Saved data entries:
== Segment start ==

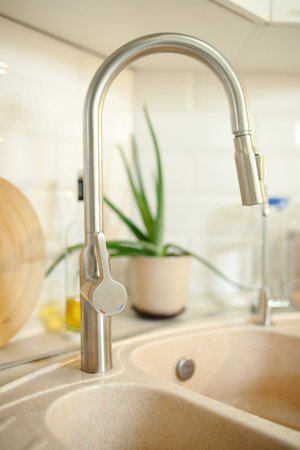 Big kitchen faucet on a stone home sink. selective soft focus.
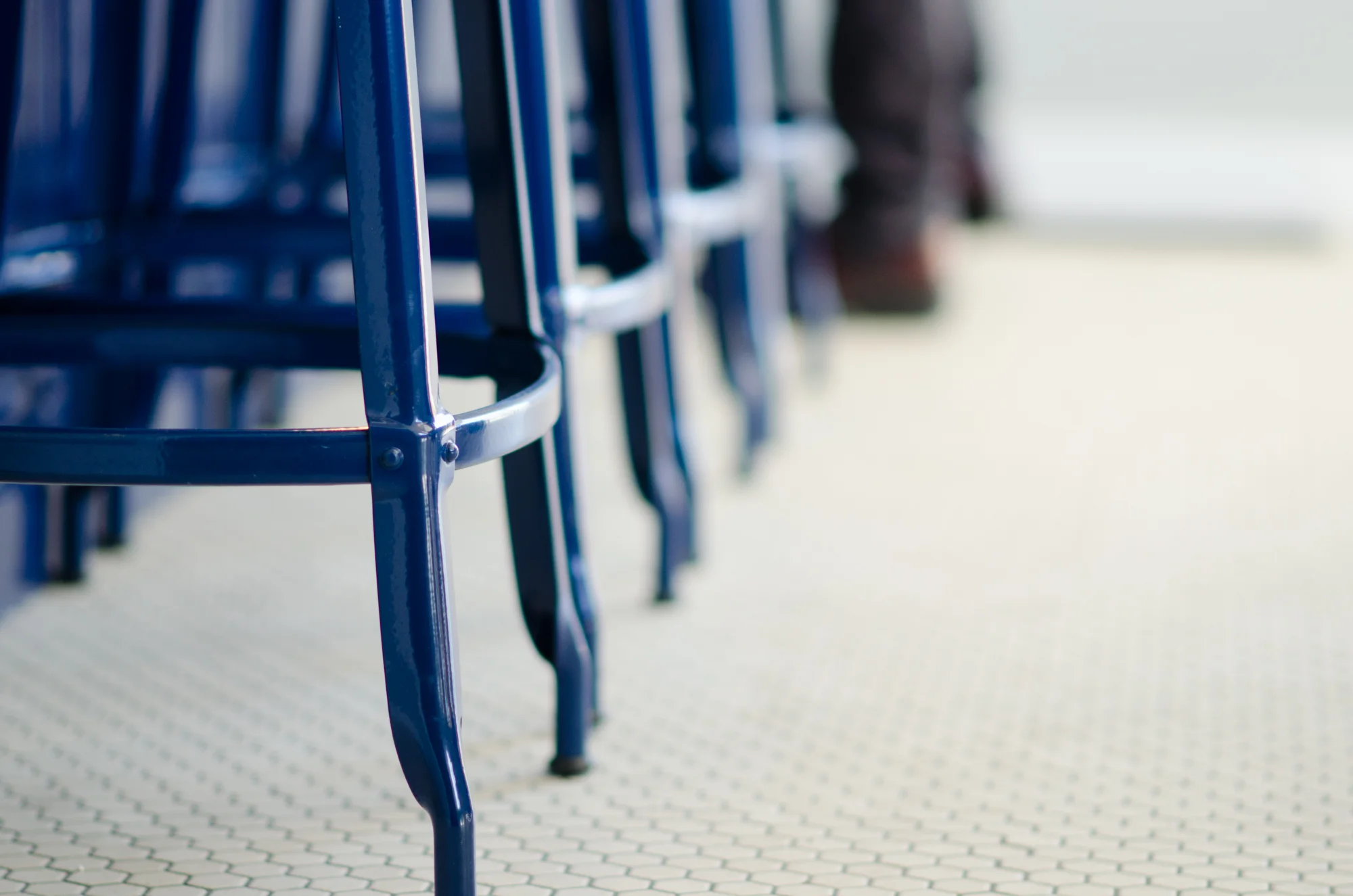 blue metal stools and hex tile floor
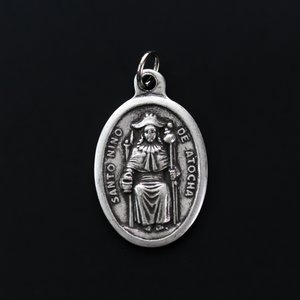 Santo Nino de Atocha medal that is marked "Pray For Us" on the reverse side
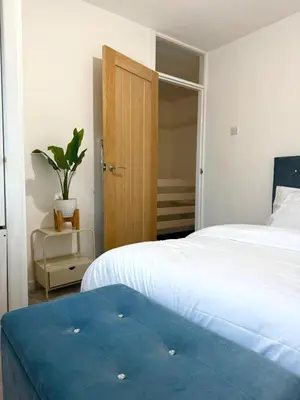 a bedroom with two beds and a door with a potted plant at Wigan 2-Bedroom Modern house - Cozy & Relaxing Stay in Bickershaw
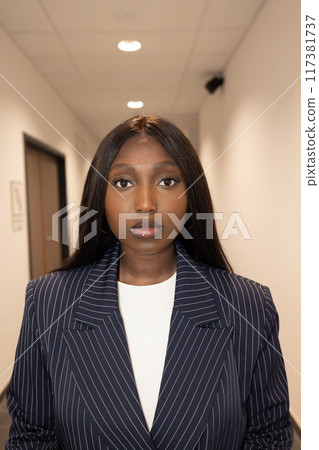 A confident businesswoman in a pinstripe suit embodies ambition and professionalism in a corridor 117381737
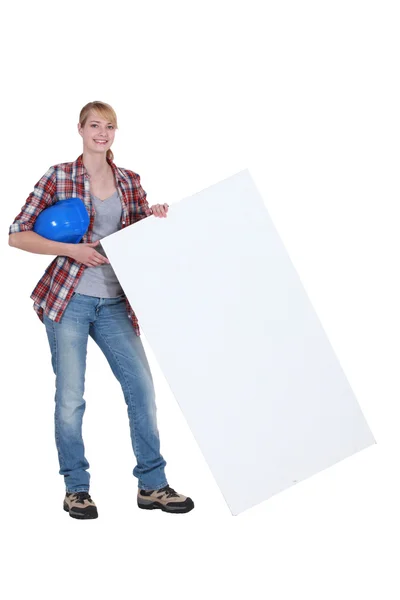 Woman laborer holding white board — Stock Photo, Image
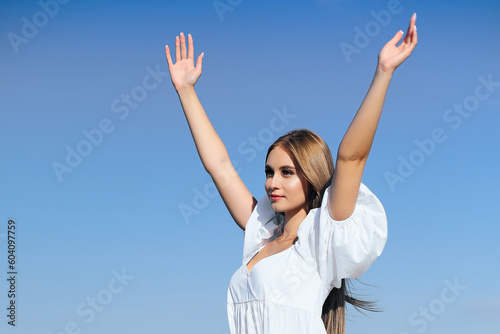 Happy, beautiful woman on the ocean beach standing in a white summer dress, raising hands.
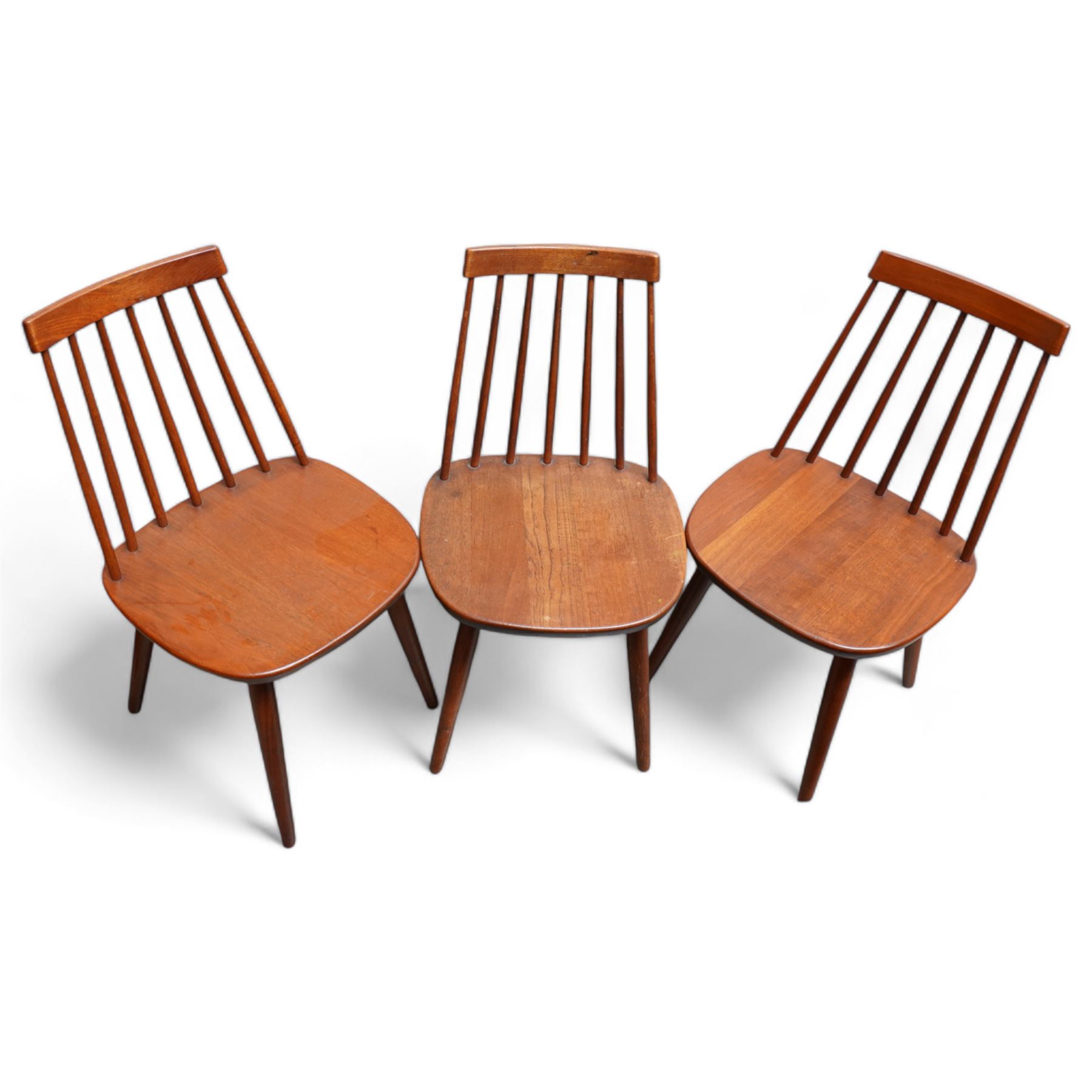 Set of three mid-20th century Swedish teak stick-back chairs, raised on tapering supports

== Segment end ==

> [WHAT IS BEING ASKED]:
Your task is to repeat the opening line of the entries above and each line after it, ending with the line that has "a bedroom with". Do not include the pictures.

> [RESPONSE TO THIS TASK]:
 Big kitchen faucet on a stone home sink. selective soft focus.
 blue metal stools and hex tile floor
 Santo Nino de Atocha medal that is marked "Pray For Us" on the reverse side
 a bedroom with two beds and a door with a potted plant at Wigan 2-Bedroom Modern house - Cozy & Relaxing Stay in Bickershaw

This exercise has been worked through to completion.